There I was, pootling down Gray's Inn Road on my bicycle, brooding, as usual, on economic and monetary union, when I almost fell off. I swerved, causing a woman on a moped to swear. I stopped and gaped. For months the suspicion has been building that the business folk of Britain are not being entirely straight with the pollsters. This very week, when Hague and Portillo are on their battlebus, flourishing their pound coins, the Business for Sterling mob announces that we've won.

An astounding 73 per cent of British businesses do not want the euro. They won't be doing with it, say Business for Sterling. Anyway, it would cost the nation 36 billion to switch from pounds to euros, which is roughly what we spend on the NHS. The euro, say the Business for Sterling propagandists, is about as popular with small businesses as a wet pair of socks. Sterling, says Business for Sterling, is what Business wants; and, of course, I believe them. It is just that for months, cycling around London at my geriatric pace, my paranoia has been mounting.

The thing about business people is that they follow the market. Their eyes are peeled, their ears are tuned to what people want, the words they respond to in making their commercial decisions. And no one observing the business culture of London in the third millennium can have failed to spot the prevalence of the word 'euro'. It's everywhere; it's spreading like some Continental pox from shop front to shop front. It has gone beyond Eurostar and Euromoney and Eurotravel. No, what chills the marrow of the moderate Eurosceptic, what makes us fear that business is already hedging its bets, is to see a company called Euro Dry Cleaning, or Euro Plumbing, or Euro Food and Wine, and now, to take the cake and almost knock me off my bike, what do I see here in Gray's Inn Road? An Indian restaurant, oxymoronically called Euro Tandoori.

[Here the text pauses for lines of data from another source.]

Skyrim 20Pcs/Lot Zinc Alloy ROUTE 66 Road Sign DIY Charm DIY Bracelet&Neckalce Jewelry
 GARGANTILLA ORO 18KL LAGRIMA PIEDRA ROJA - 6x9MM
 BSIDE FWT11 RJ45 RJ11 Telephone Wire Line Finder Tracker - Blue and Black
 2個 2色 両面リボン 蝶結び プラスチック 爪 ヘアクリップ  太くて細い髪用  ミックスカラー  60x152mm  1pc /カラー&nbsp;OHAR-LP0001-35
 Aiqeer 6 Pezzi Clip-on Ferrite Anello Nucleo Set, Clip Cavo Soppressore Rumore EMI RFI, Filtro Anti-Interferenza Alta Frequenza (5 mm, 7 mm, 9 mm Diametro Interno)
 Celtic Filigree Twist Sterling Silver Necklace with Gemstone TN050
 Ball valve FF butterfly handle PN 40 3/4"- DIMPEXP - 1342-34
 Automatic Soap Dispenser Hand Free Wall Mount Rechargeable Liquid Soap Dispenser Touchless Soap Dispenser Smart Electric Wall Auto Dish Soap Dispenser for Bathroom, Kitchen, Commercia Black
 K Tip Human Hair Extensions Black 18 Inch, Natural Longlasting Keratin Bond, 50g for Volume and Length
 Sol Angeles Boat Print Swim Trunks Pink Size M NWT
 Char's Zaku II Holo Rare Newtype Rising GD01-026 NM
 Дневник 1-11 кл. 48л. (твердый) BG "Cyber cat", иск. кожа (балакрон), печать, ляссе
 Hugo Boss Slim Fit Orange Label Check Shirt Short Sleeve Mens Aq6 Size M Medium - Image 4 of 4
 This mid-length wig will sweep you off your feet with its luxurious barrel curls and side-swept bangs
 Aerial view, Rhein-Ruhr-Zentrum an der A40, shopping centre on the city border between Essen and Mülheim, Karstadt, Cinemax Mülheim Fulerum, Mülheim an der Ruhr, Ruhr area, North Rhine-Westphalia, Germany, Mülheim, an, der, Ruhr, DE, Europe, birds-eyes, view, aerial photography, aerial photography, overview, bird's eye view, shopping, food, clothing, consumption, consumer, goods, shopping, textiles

Now, these restaurateurs are very shrewd business folk and, if they think that the word euro is now more appealing than Taj Mahal, if they think it beats Kismet and Rajmoni and Star of Bengal as a means of enticing you within, then that is the moment to begin to panic about the true state of business sentiment towards sterling. And when, with feverish fingers I flick through Thomson's local directory, my fears seem confirmed. There are at least 300 companies whose names are prefixed by the word 'euro', and only 22 which use the word 'sterling'. I am on the point of ringing Nick Herbert, the chief executive of Business for Sterling, to break the bad news, when I stay my hand.

Call yourself a journalist? hisses my conscience. What about the businessmen themselves? Perhaps it would be worth trying to discover what the words connote in their own imaginations; and slowly, as I ring round London, my mood starts to lighten. 'Euro? says Mr Gaziur Khaman, a waiter at Euro Tandoori. He is not sure what the significance of the word is, but he seems to think it means a kind of curry, possibly in Gujarati or Tamil. He does not believe it has any implications for the future of Britain's fiscal and monetary independence. At the Euro Sandwich Bar in Swallow Street, my inquiry is received with audible embarrassment. 'It was here when I bought it,' barks the sandwich-- maker. 'I'm a little busy.' Click. Brrr.

At Europlumbing, the proprietor, Senor Antonio Victor of Lisbon, says that he thinks 'euro' is a good word, since he comes from the Continent of Europe, but that unfortunately he now has a very bad back, and that he may have to take the business to Portugal, where he will call it Eurocanalisador. At Euro Wines in North End Road, the name seems to mean absolutely nothing to Mr Goridas Kodisawaran. 'It is Euro. Name is Euro. I am not understand you,' he says. And at Euro Temple, a shop selling handbags and sunglasses in Berwick Street, there is a similar unwillingness to make anything of the associations of the word. 'I haven't put the name by myself,' says Mr Ali Aziz, though, when taxed, he says that it implies something new (euro) and something old (temple).

The most sheepish of all is Michael Stopford of Euro Property Services, 29 Margravine Road. The name Euro has no bearing on his business, which is to supply and install air-conditioning. 'At the time we set up the company it was trendy, so to speak. That was the main reason. We thought it sounded sensible.'

In short, no one who had adopted 'Euro' saw any particular advantage in the name except that it sounded vaguely new and, somehow, as though it suggested a firm with wide horizons. Contrast the confidence and certainty of those few, those happy few, who continue to use the word ,sterling'.

'We were aiming at something at the deluxe end,' says Alan Mellins, managing director of Sterling Travel. We are aiming at the kind of client who stays at four- or five-star hotels, and we feel that sterling implies solidity, quality, value. Even if sterling is abolished, it will continue to mean quality, reliability, longevity: all the things we want to convey to our customers.' And no, if and when the Blair government bounces Britain into the single currency, he will certainly not be changing the name to Euro Travel.